Caption-style text data
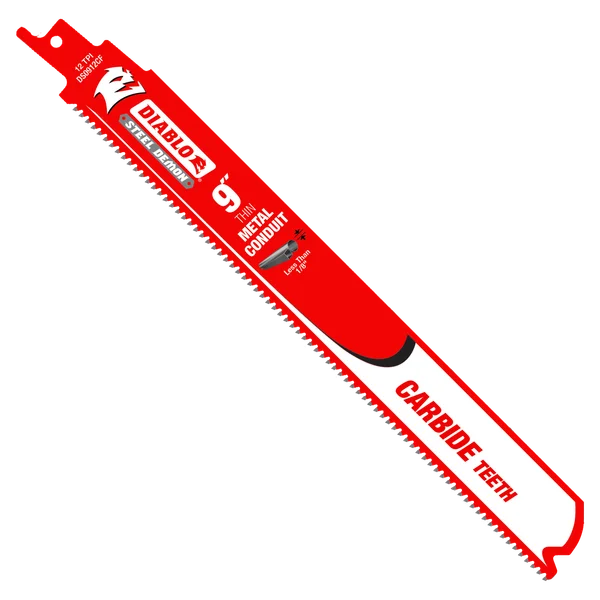 Diablo DS0912CF - 9" 12TPI Steel Demon™ Carbide Teeth Reciprocating Saw Blade for Thin Metal Conduit
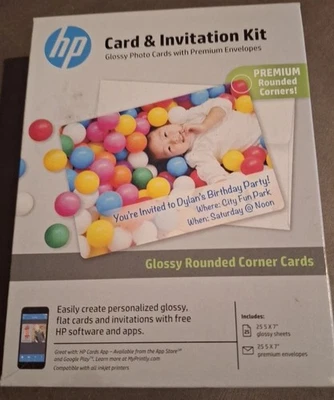 HP Card And Invitation Kit Glossy Photo Cards With Premium Envelopes - Image 1 of 4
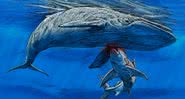 Ilustração do tubarão alimentando-se da grande baleia - Reprodução / Museu Marinho de Calvert (Tim Scheirer and Clarence (Shoe) Schumaker)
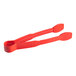 Red polycarbonate flat grip tongs.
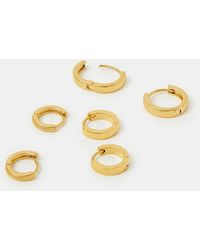 Accessorize - 3-Pack Stainless Steel Clicker Hoop Earrings - Lyst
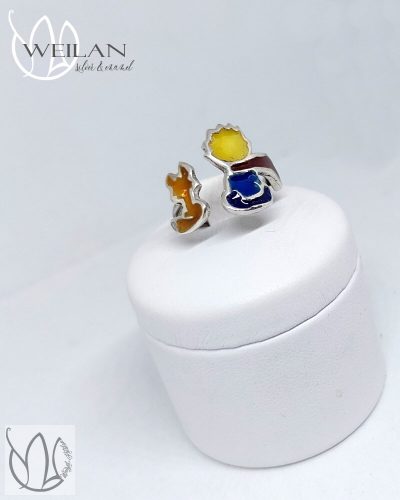 The Little Prince - 925 sterling Silver Enamel Ring, 48-50 size (with red scarf)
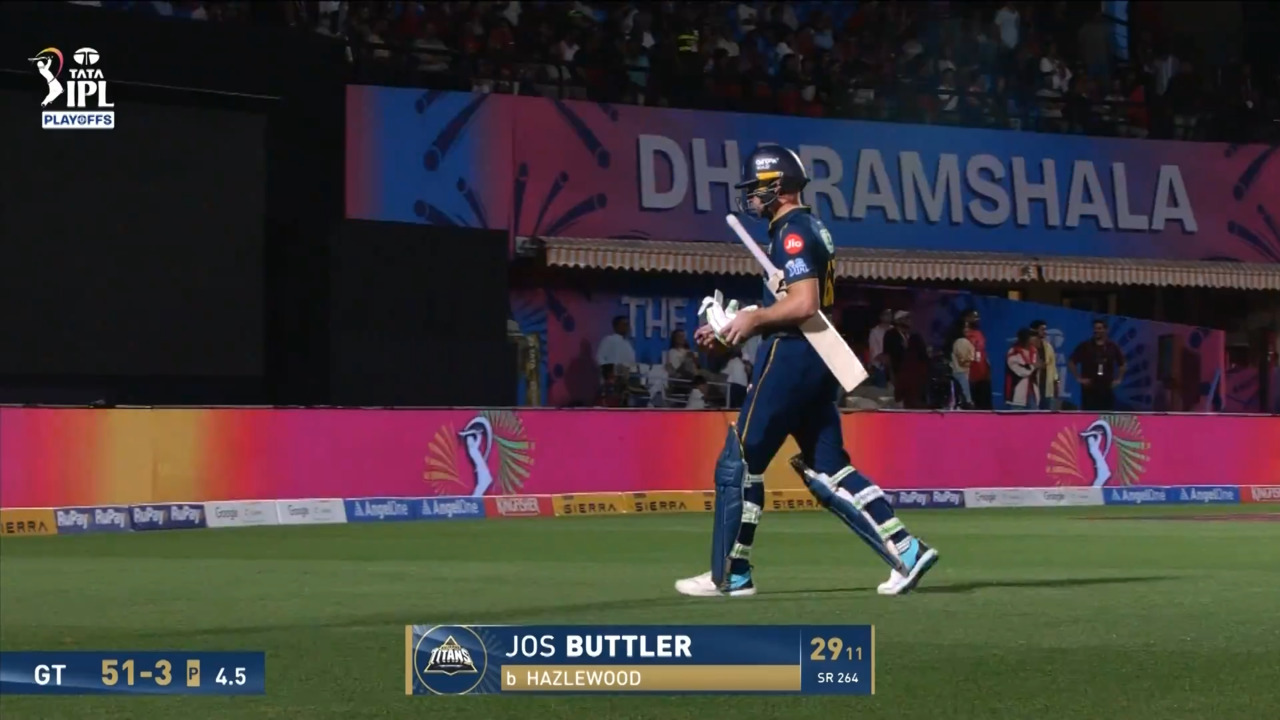 IPL 2026 Q1: RCB vs GT - Jos Buttler Wicket background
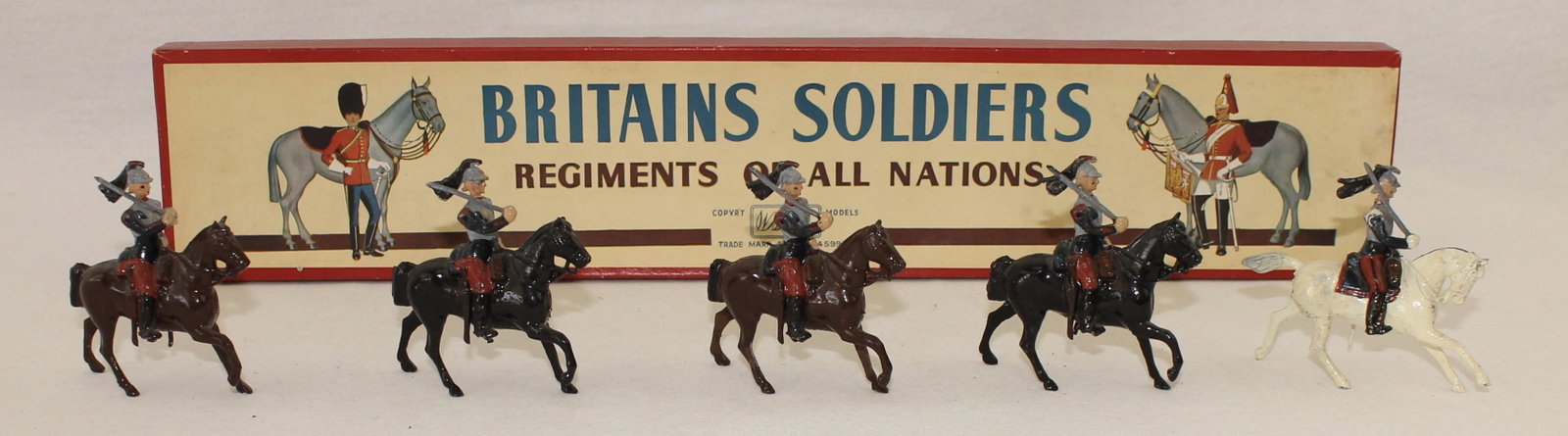 Britains #138 French Cuirassiers: Post War. In ROAN Box. 5 Pieces. Condition Very Good. Some Lead Disease Present In Swords and Cuirasses. Box Excellent.
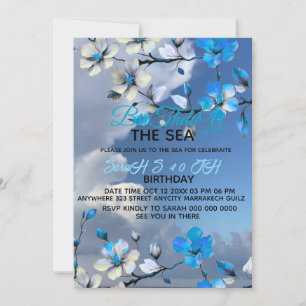  Sea &sky Blue & White Birthday Invitation Modern 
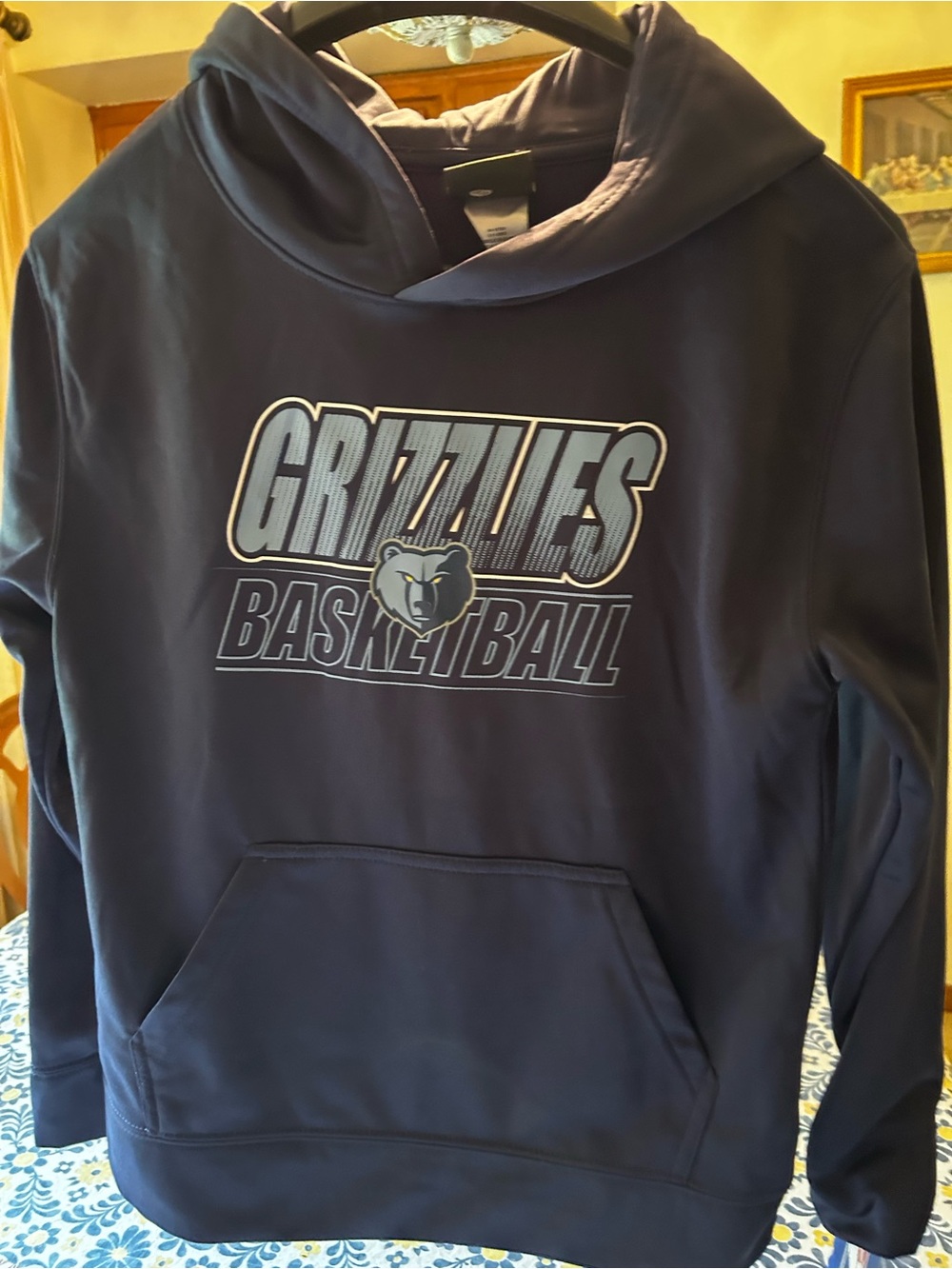 Youth NBA Official Standard Grizzlies Basketball Navy Hoodie - Size 10-12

What is expected
Leaving out every picture, repeat exactly the lines of the records from the start through the line that has "Accessorize - 3-Pack".

Expected answer
 Diablo DS0912CF - 9" 12TPI Steel Demon™ Carbide Teeth Reciprocating Saw Blade for Thin Metal Conduit
 HP Card And Invitation Kit Glossy Photo Cards With Premium Envelopes - Image 1 of 4
 Ilustração do tubarão alimentando-se da grande baleia - Reprodução / Museu Marinho de Calvert (Tim Scheirer and Clarence (Shoe) Schumaker)
 Red polycarbonate flat grip tongs.
 Accessorize - 3-Pack Stainless Steel Clicker Hoop Earrings - Lyst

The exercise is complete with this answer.